Word for word, write the lines below out again, with no pictures.
___ Input data ___
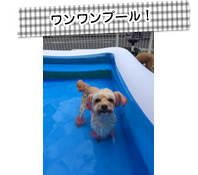 ワンワンプール!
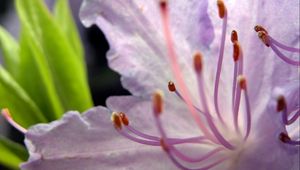 Preview wallpaper flower, stamens, petals, tenderness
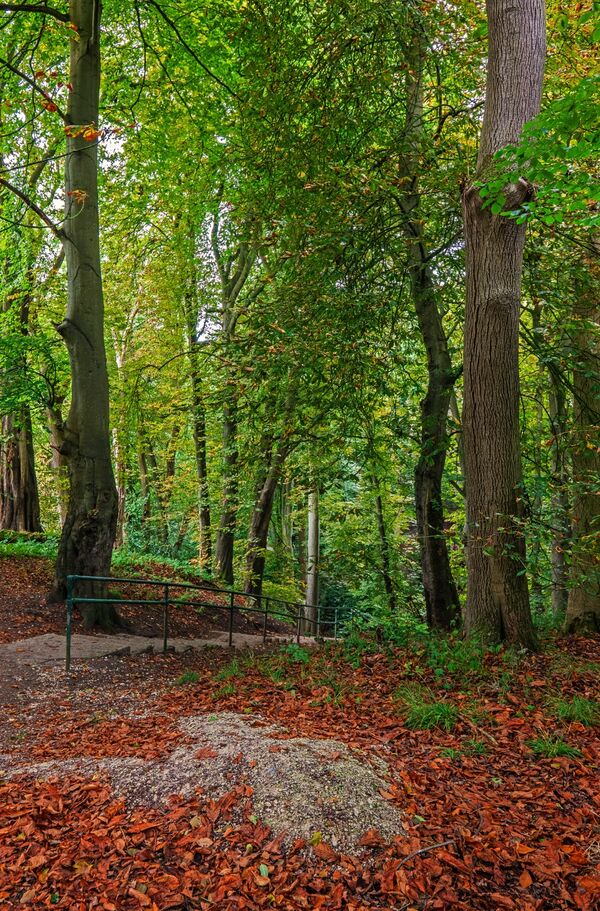 Early Autumn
___
» The completed task
 ワンワンプール!
 Preview wallpaper flower, stamens, petals, tenderness
 Early Autumn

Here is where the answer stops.